METHODS: A prospective cohort study of consecutively enrolled adults with moderate or severe OSA (AHI > 15 events/h) who underwent HGNS implantation between February 2020 and June 2024. Preoperative CT scans were obtained following a standardized protocol. Anatomic traits, including the size of the tongue and the surrounding craniofacial structures, were quantified. HGNS response was defined by the Sher criteria (≥ 50% reduction in apnea-hypopnea index [AHI] and postoperative AHI < 20 events/h).

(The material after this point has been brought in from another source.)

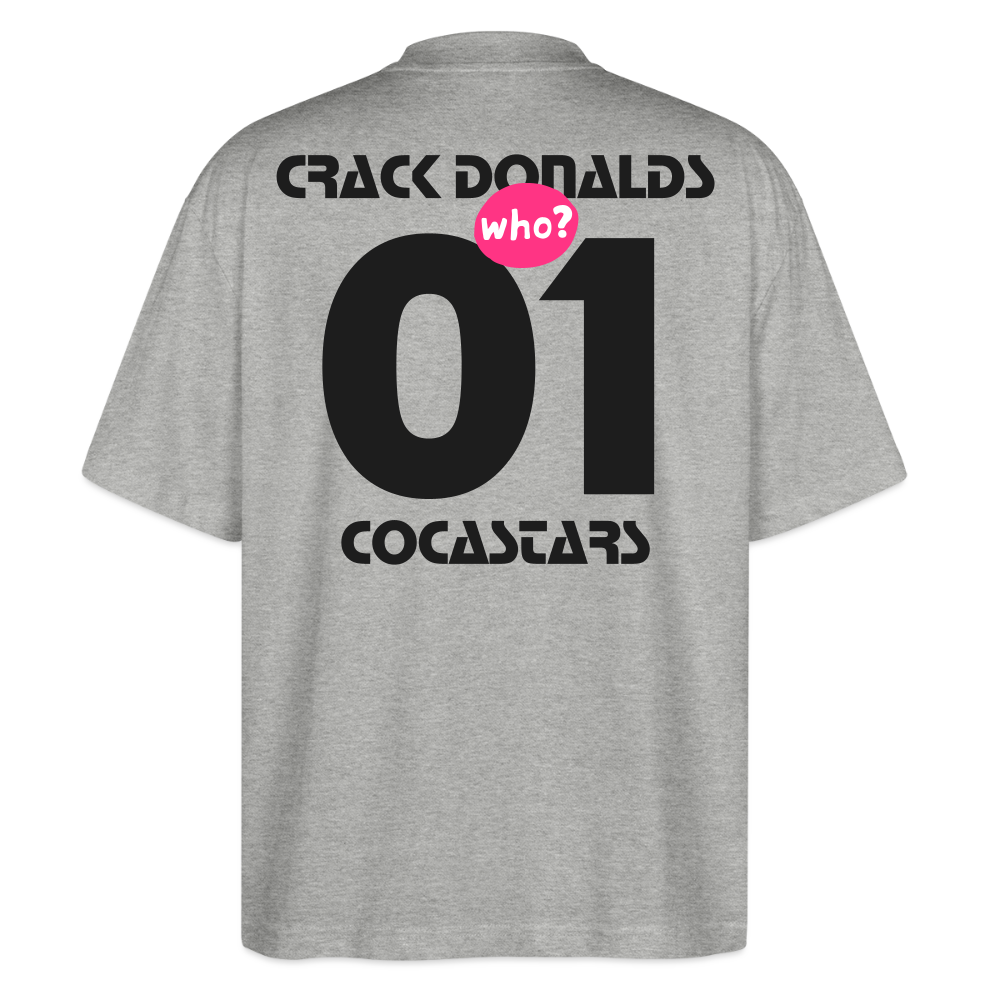 T-Shirt OS 200 g/m² - DTC - SPECIAL_01CRACK - heather grey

RESULTS: A total of 65 patients were included: 31 HGNS responders and 34 nonresponders. On average, patients were 63.3 ± 11.7 years old, overweight (BMI of 29.5 ± 4.0 kg/m2), about half were male (50.8%) and most were White (89.2%); the average AHI was 28.6 ± 13.3 events/h. No statistically significant associations with HGNS response were observed for relative tongue volume (tongue volume/total oral cavity volume; OR: 0.82 [0.48-1.40]; p = 0.46), absolute tongue volume (OR: 1.27 [0.62-2.61]; p = 0.52), or total oral cavity volume (OR: 1.81 [0.82, 3.99]; p = 0.14). Exploratory analysis showed hyoid position and transverse maxillary dimensions were associated with response status.
CONCLUSION: Our study did not find a significant association between relative tongue volume and HGNS response. Further investigations in larger samples may elucidate links between HGNS response and upper airway anatomy.